Stories
Slash Boxes
Comments

SoylentNews is people

posted by martyb on Thursday March 14 2019, @07:13PM   Printer-friendly
from the ouch dept.

Submitted via IRC for chromas

For Pi Day, Calculate Pi Yourself Using Two Colliding Balls

This is at least my ninth year of writing about Pi Day—here is my post from 2010. Of course it's called Pi Day because the date, 3/14, is similar to the first three digits of pi (3.1415 …). At this point I've built up a whole library of fun things in honor of Pi Day.

Here is a new one. You can calculate the digits of pi using elastic collisions between two objects of different masses and a wall.

[...] There are two balls, A and B. Ball A has a larger mass and is initially moving. It collides with ball B such that ball B speeds up and ball A slows down just a little bit (this is a perfectly elastic collision). After this, ball B starts moving toward the wall and eventually bounces off it back toward ball A for another collision. This continues until ball A is moving away from the wall instead of toward it, and there are no longer any collisions.
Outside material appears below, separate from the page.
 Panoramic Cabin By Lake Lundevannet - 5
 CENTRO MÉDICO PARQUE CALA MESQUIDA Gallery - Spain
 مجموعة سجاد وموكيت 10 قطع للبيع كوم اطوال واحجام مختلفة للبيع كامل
Now for the pi part. If you know that the mass of ball A is 100 times greater than that of ball B, there will be 31 collisions. If the ratio of masses is 10,000 to 1, there will be 314 collisions. Yes, that is the first 3 digits of pi. If you had a mass ratio of 1 million to 1, you would get 3,141 collisions. (Remember the first few digits of pi are 3.1415 …) In general, if you want "d" digits of pi, then you need mass A divided by mass B to be 100 raised to the d-1 power.

This is not a very efficient method for calculating the digits of pi, but it seems to work. Here is a great video from 3Brown1Blue that explains this situation. [YouTube link] Also, here is an older video from Numberphile that also goes over this problem.
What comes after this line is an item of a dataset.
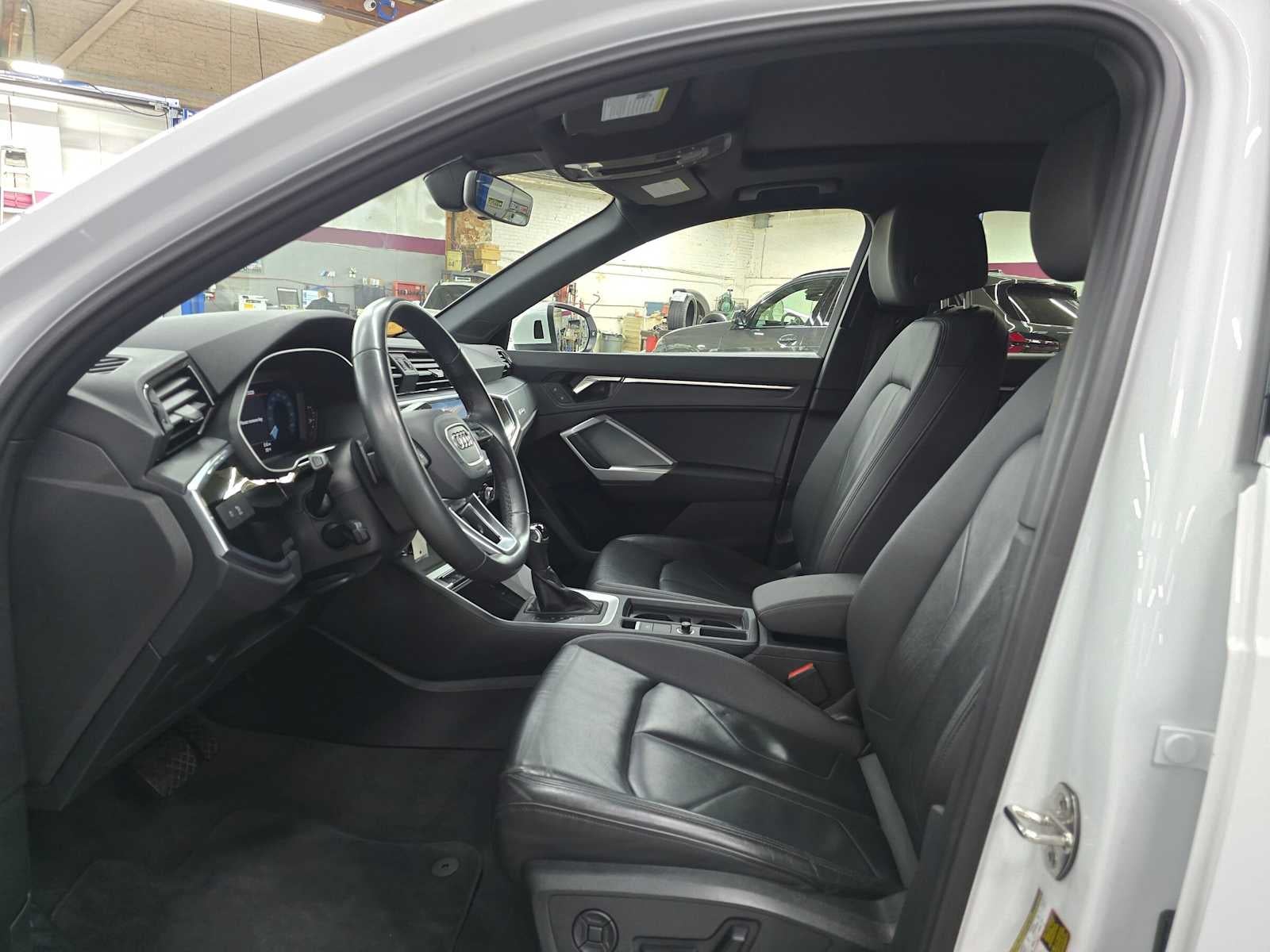 2025 Audi Q3 S line Premium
[What I want to know is which one is better: apple, raspberry, or apricot? --ed.]


Original Submission

 
This discussion has been archived. No new comments can be posted.
Display Options Threshold/Breakthrough Mark All as Read Mark All as Unread
The Fine Print: The following comments are owned by whoever posted them. We are not responsible for them in any way.
  • (Score: 2) by krishnoid on Thursday March 14 2019, @08:40PM (2 children)
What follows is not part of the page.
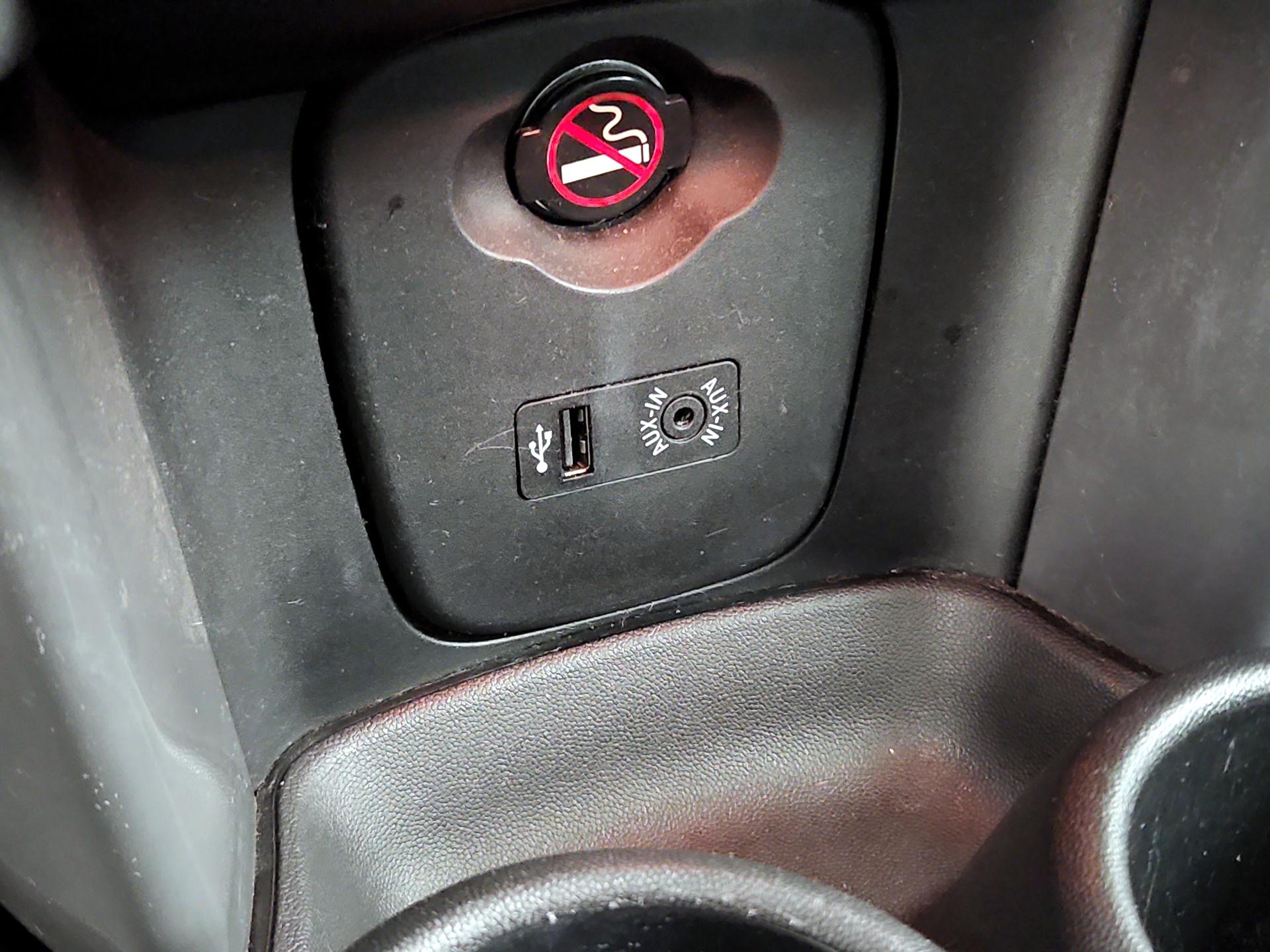 Thumbnail: 2016 MINI Cooper Hardtop - 17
    by krishnoid (1156) on Thursday March 14 2019, @08:40PM (#814444)

    You can remember 113355 -> 355/113 -> pi to better than 1 in 1E6. I've seen it in equations sometimes.

    Starting Score:    1  point
    Karma-Bonus Modifier   +1  

    Total Score:   2  
  • (Score: 2) by DannyB on Thursday March 14 2019, @09:06PM (1 child)

    by DannyB (5839) Subscriber Badge on Thursday March 14 2019, @09:06PM (#814469) Journal

    But I thought PI was Irrational. Unhinged. Deranged.

    --
    People today are educated enough to repeat what they are taught but not to question what they are taught.
    • (Score: 0) by Anonymous Coward on Thursday March 14 2019, @09:32PM

      by Anonymous Coward on Thursday March 14 2019, @09:32PM (#814492)

      But I thought PI was Irrational. Unhinged. Deranged.
      Reply

      Can't read one sentence?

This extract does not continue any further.